In a labor-intensive and meticulous process, Vik Muniz reproduces images the Western viewer is familiar with from the print media, such as art masterpieces or legendary photographs from news magazines. After he has created his replicas, using a wide range of materials such as powdered pigment, dust, garbage or luxury foods like sugar, chocolate and caviar, he photographs them and then destroys them so that they only exist as photographs. Viewed from a distance, the illusionistic effect and the resemblance of his works to the original pictures are striking. However, when seen up close the images dissolve into a chaotic array of materials, thus turning the attention of the viewer to the symbolic meaning and the formal characteristics of the substances as well as to the elaborate production process. The materials used always have a contextual link to the original images, thus adding another level of meaning.

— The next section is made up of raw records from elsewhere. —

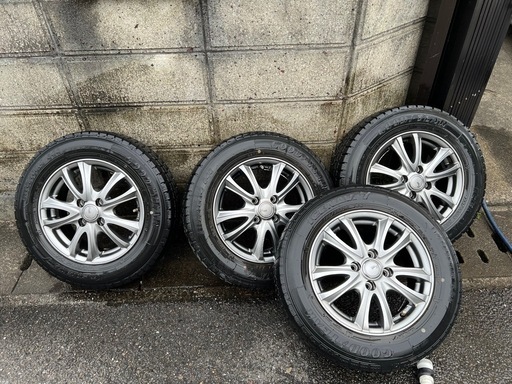 スタッドレスタイヤアルミホイールセット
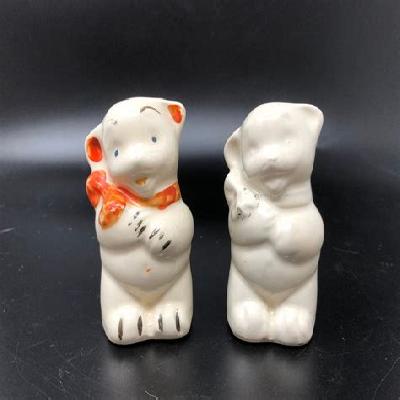 Bear White Shaker
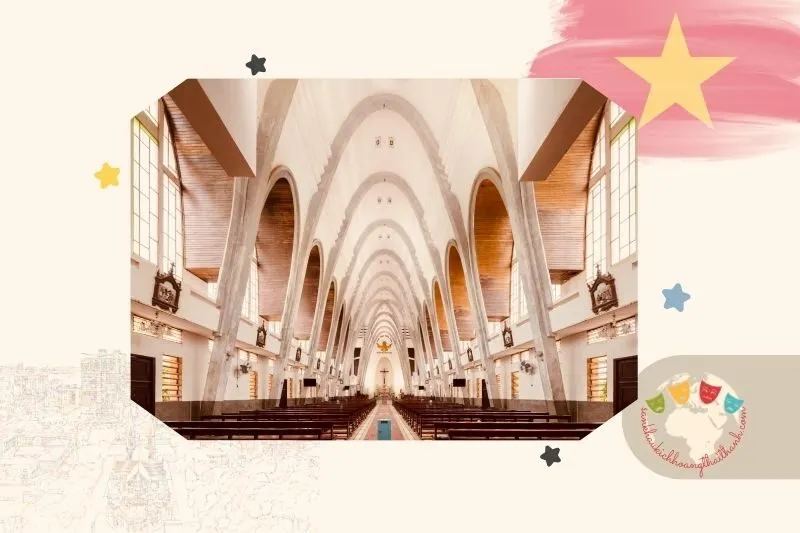 Kiến trúc độc đáo của Nhà Thờ Phủ Cam Huế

For example, he drew his early portrait series of children whose parents work on Caribbean sugar plantations with white sugar on black paper (Sugar Children, 1996), and his "Pictures of Dust" (2000) - reproductions of photographs documenting minimalist sculptures at the Whitney Museum of American Art - are executed in dust collected from the museum's exhibition spaces.

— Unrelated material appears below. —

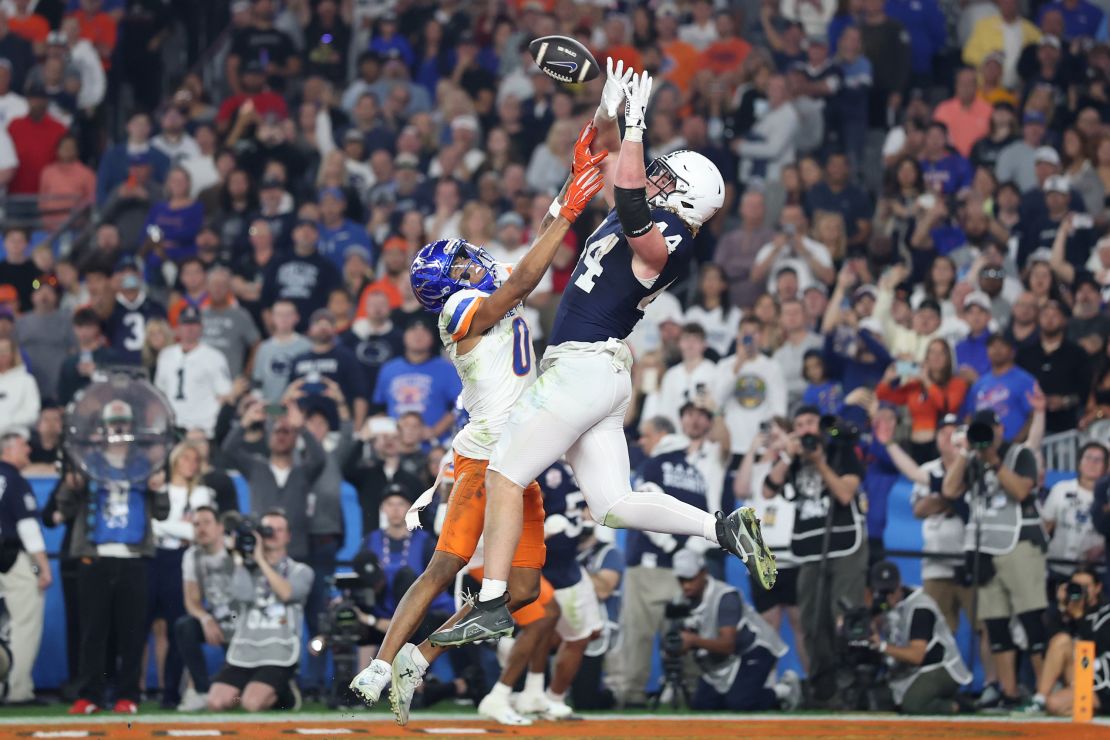 Penn State tight end Tyler Warren (No. 44) scored two touchdowns against Boise State.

His most recent series, "Pictures of Garbage" (2008), presented at Arndt & Partner, is conceived as a long-term project in collaboration with the residents of Jardim Gramacho, home to Latin America's largest garbage dump. Vik Muniz takes photographic portraits of these people who earn their living by scavenging recyclables, and with their help creates gigantic versions of the portraits, modeling them after famous paintings such as J. L. David's "The Death of Marat", J. F. Millet's "The Sower", P. Picasso's "Women Ironing" or Il Guercino's "Atlas". The material used is garbage from Jardim Gramacho, yet the figures are formed by the empty spaces between the items. Thus, the people portrayed seem to be stepping forward from the chaos of the garbage and leaving it behind them.

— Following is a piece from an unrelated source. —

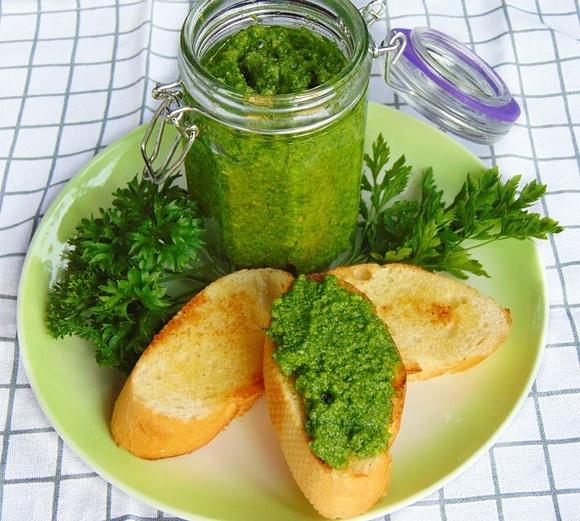 Pesto z natki pietruszki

The series encompasses seven different images, each of which is printed in two different formats. Fifty percent of the proceeds from the sales of the larger prints is passed on to the Garbage Pickers Association of Jardim Gramacho, which was founded to support the 5,000 workers and their families whose lives are about to be dramatically affected by the imminent closure of the dump.
In his series, "Pictures of Paper" (2008), Muniz reproduces well-known black-and-white pictures by photographers such as August Sander, Dorothea Lange, Edward Weston and Hein Gorny. He uses paper cutouts in black, white, and three different shades of gray - corresponding precisely to the gray-scale values in the originals - and layers them to create a paraphrase of the original photograph. As Holger Birkholz points out, "It is a method that requires careful planning and a considerable capacity for abstraction. The original must be analyzed and transferred to an entirely different medium, in this case from a photograph to a kind of silhouette. During this transfer, the medium of the model and that of its reproduction enter into a relationship that incorporates the content of both. The medium of the silhouette is often considered a precursor to photography, as it, too, uses light to produce an image. Thus it verges on the ironic that the silhouettes so painstakingly produced by Muniz serve merely as the subject for photographs and are then destroyed. In the end, the enlarged photograph is all that remains. The photographs in "Pictures of Paper" are lit from the side so that the bas-relief-like layers of paper are clearly discernible upon closer inspection. However, when viewed from a distance it appears to be a two-dimensional medium, albeit one in which the illusion of spatial depth approaches perfection." Because Vik Muniz's photographs seduce viewers into continuously moving back and forth before them, they allow them to become aware of the corporeality of perception.